On Friday, 21 House Republicans voted against a short-term government funding bill proposed by House Speaker Kevin McCarthy (R-CA), marking the latest defeat for the speaker in the ongoing feud between himself and the Republican party’s conservative wing.
A government shutdown seems unavoidable now that the bill has been rejected, with McCarthy still pressing attempts to keep the government running before current funding runs out this weekend, even though the bill was expected to fail in the Democrat-controlled Senate.
The 21 Republicans who held out against the bill were Andy Biggs (R-AZ), Dan Bishop (R-NC), Lauren Boebert (R-CO), Ken Buck (R-CO), Tim Burchett (R-TN), Eric Burlison (R-MO), Michael Cloud (R-TX), Eli Crane (R-AZ), Matt Gaetz (R-FL), Paul Gosar (R-AZ), Marjorie Taylor Greene (R-GA), Wesley Hunt (R-TX), Nancy Mace (R-SC), Mary Miller (R-IL), Cory Mills (R-FL), Alex Mooney (R-WV), Barry Moore (R-AL), Troy Nehls (R-TX), Andy Ogles (R-TN), Matt Rosendale (R-MT) and Keith Self (R-TX).
Many, but not all, of these representatives belong to the House Freedom Caucus, a group which has utilized the slim Republican majority in the House to advance their own agenda, often against the wishes of McCarthy, and has frequently clashed with other Republicans and Democrats alike.
Several of the opposing voices also released statements in the time preceding the vote, such as Rep. Cloud who called attempts at a continuing resolution part of “political games” in a statement released immediately before the vote took place.
“We have known this day was coming. Yet here we are in late September, with some in leadership using shutdown politics as a mean of pushing a Continuing Resolution,” he said. “While such political games may have been successful in the past, it will not work this time. We have to keep our word. It is time to do what we said we would do.”
Others, such as Rep. Biggs, went further, arguing against the use of any continuing resolutions or short-term funding bills, writing an op-ed for the Daily Caller published before the vote on Friday.
“Because House Republicans did not timely produce a budget as required by law, ‘they,’ the leaders of the Uniparty, began championing their preferred budget mechanism, the CR. CRs have only made the American economy worse off,” he said on X, posting a link to the article.
Rep. Buck called out GOP leadership in an interview on CNN the night prior, arguing that the budget should have been solved long ago.

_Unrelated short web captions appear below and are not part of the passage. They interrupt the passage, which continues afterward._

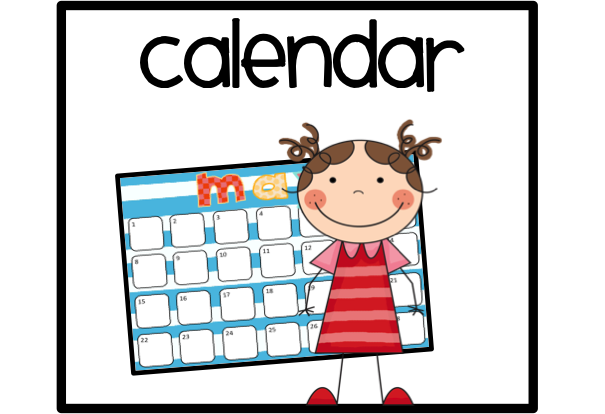 Table Calendar clip art Free 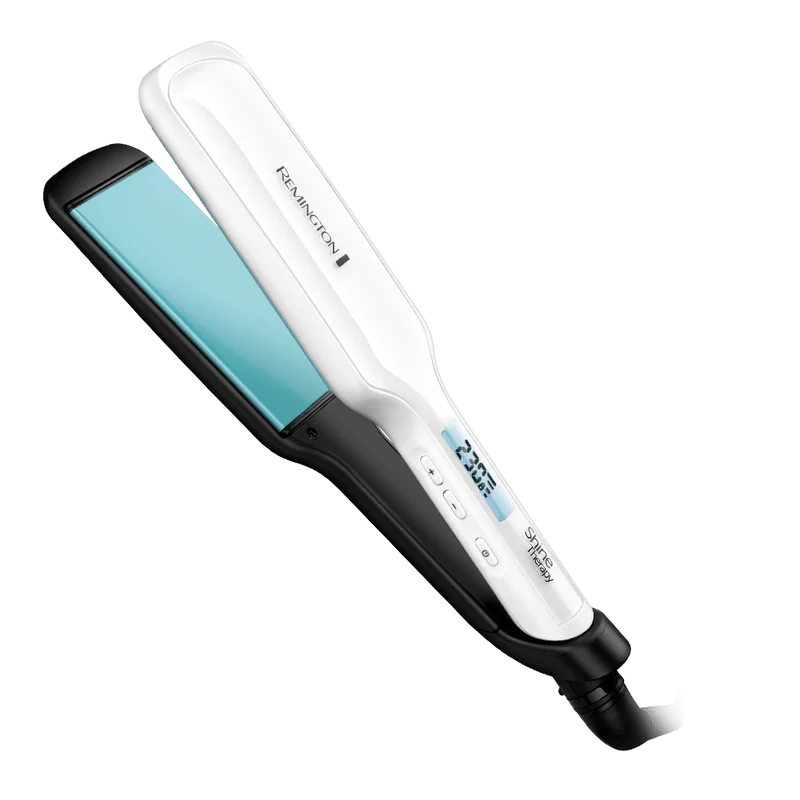 Remington Shine Therapy Wide Plate Hair Straightener | S8550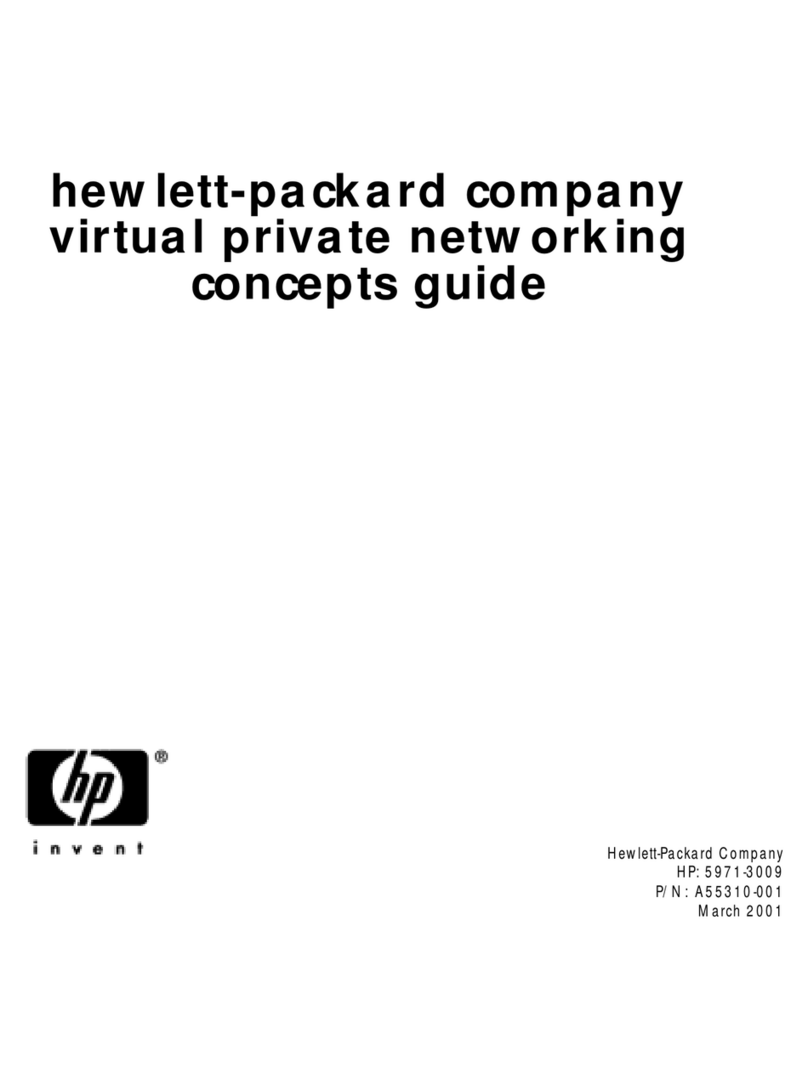 HP Sa3110 - VPN Server Appliance User manual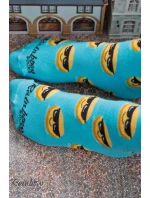 Duhové Ponožky Emotikony Smiley Sadness Brainy 3 Páry Duhové Ponožky Emotikony Smiley Sadness Brainy 3 Páry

“For this entire year, House Republicans leadership has known about the September 30 budget deadline. There is no reason why we couldn’t have a fully funded government by now. The American people are rightly frustrated,” he said on X.
Rep. Miller argued that if the budget was not solved now, then it would be kicked “down the road until the holidays, when Senate and House ‘insiders’ will agree to ram through some massive omnibus with Ukraine funding behind closed doors,” she posted on X.
Rep. Moore echoed these calls, arguing that he and other representatives needed to work overtime to get a full budget passed rather than a short-term measure.
“It has been 26 years since Congress passed all 12 appropriations bills. In order to impact policy and cut spending, we need to follow the statute and reject the status quo,” he said on X. “I am committed to staying in Washington as long as it takes and working with my colleagues across the conference to advance the 12 appropriations bills that curtail our out-of-control spending and help American families fight Biden’s 17 percent inflation tax.”